A greater impact? Yes, because at the end of the day the election of Barack Obama to the presidency of the United States the first time around in 2008 made us all feel good about ourselves.
It was like “come on, baby, let the good times roll – all night”. And, yes, it lasted all night – for many nights – but it didn’t fundamentally change the lives of the street boys and girls of West Africa who are going along just kicking stones, and minding their own business in their bare feet and their tear-up pants.
Well, here’s the joke: France’s victory in Moscow last Sunday in the final of the 2018 World Cup begged the question of whether it was France wot won it, or whether it was really Africa wot won it.
And with good reason.

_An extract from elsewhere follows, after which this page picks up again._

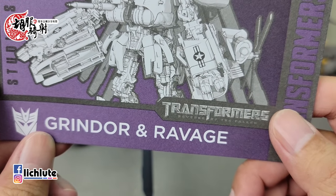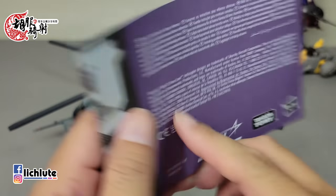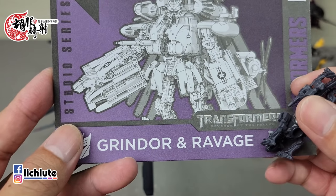欢迎各位再次收看虎不介绍的变形金刚分享时间，这是我们第1372集的节目。今天来给大家做SS第73号的Green Door，还有Ravage。Green Door就是冲浪板，我09年入坑的时候在大陆工作，淘宝网上都称呼这个人物叫冲浪板，回台湾的时候在网络上绝对是找冲浪板。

When you look down the list of players in the French team, it was hard to find one – apart from goalie Hugo Lloris and midfielder Griezmann – who isn’t from Africa.
Check this list of ‘French’ players out: Presnel Kimpembe, Congo; Samuel Umtiti, Cameroon; Paul Pogba, Guinea; Ousmane Dembele, Senegal/ Mali; Corentin Tolisso, Togo; N’Golo Kante, Mali; Blaise Matuidi, DR Congo/Angola; Steve Mandanda, DR Congo.
And, of course, the star of the French team is 19-year-old wonderkid Kylian Mbappe, who is half Nigerian and half Cameroonian. So, if you don’t mind I’ll claim him as one of ours and conclude it wasn’t just an African team that won the World Cup but, arguably, it was a Nigerian kid wot won it.
Okay, let’s not get carried away here. The record shows it was France wot won it. And that is how history will remember it. Just as history records Brazil to be a south American team, even though not one of its footballers over the many times that they have won the World Cup could not say that they are not of African blood.
There are those such as Pele, who have been kissed by the African sun in complexion, and those who have African blood coursing through their veins like the great Ronaldo (the original) does.
Arguably, then, Africa has won the World Cup several times – posing as Brazil. So in a way Pele, with that twinkle in his eye, may have been right all along and no doubt knew that he was when he teased his prediction for the new millennium all those years ago. Even so, nobody could have prepared the world for the French Africans’ glory.
Because, unlike the Brazilians, most of these French players, if not all of them, self-declare themselves as Africans. That is the fascinating thing about French colonialism.
It has never regarded the French Caribbean islands of Guadeloupe and Martinique as colonies but as ‘departments’ of France. Or, if you like, counties of France. Indeed, if you watch the evening news in the French Antilles, as these Caribbean islands are known, it is exactly the same news as you watch if you’re in Paris.
So when the weatherman says it will be snowing tomorrow, Guadeloupians and people from Martinique have to wonder at this ‘neige’ – the cold white stuff. But while people in the Antilles were rejoicing on Sunday like football was coming home to their part of the Caribbean, in French Africa there were not many people who felt like France winning was some- how reflecting on them.
They are not French and most of their children living in, and even some who were born in France do not see themselves as French. Some of their country-men may play for France in a marriage of convenience, but because of the way they have been treated in France from birth, they invariably see themselves as being other than French.
That used to be the way my generation saw ourselves in Britain when we were treated like scum by all and sundry, including the government.
If it’s any measure we can rely on, we must be being treated better nowadays because our younger generation, unlike their French counterparts, continually declare for Britain and England more times than not when it comes to football.